**Try it:**
Leave the pictures in the listing below aside and reproduce exactly the lines starting with the one with "Carport simple 15m²" and going on through the one with "LOUIS VUITTON MEN'S", both ends included.

==== Entries shown ====

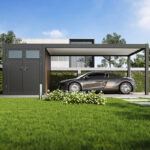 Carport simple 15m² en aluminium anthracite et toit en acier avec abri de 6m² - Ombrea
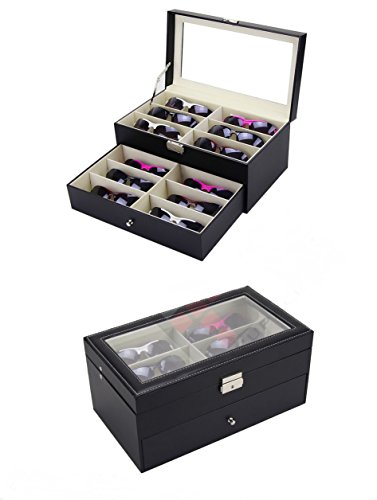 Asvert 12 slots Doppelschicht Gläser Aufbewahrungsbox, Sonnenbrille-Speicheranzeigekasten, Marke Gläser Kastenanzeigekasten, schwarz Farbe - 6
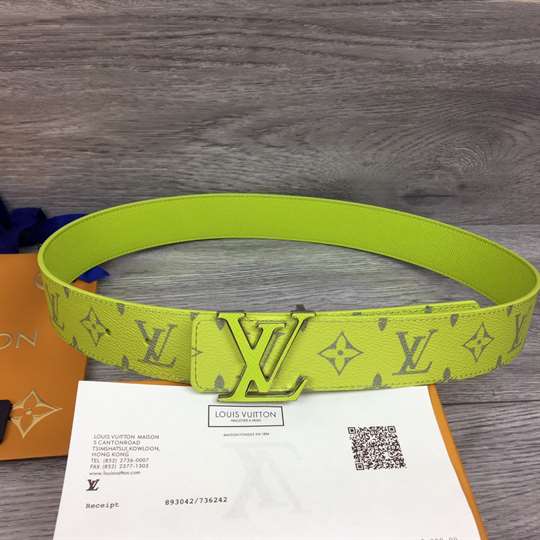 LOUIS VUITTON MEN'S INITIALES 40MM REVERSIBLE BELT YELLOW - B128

====
==== Entries shown ====

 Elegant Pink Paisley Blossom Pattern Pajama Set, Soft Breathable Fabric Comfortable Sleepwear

====

**Expected answer:**
 Carport simple 15m² en aluminium anthracite et toit en acier avec abri de 6m² - Ombrea
 Asvert 12 slots Doppelschicht Gläser Aufbewahrungsbox, Sonnenbrille-Speicheranzeigekasten, Marke Gläser Kastenanzeigekasten, schwarz Farbe - 6
 LOUIS VUITTON MEN'S INITIALES 40MM REVERSIBLE BELT YELLOW - B128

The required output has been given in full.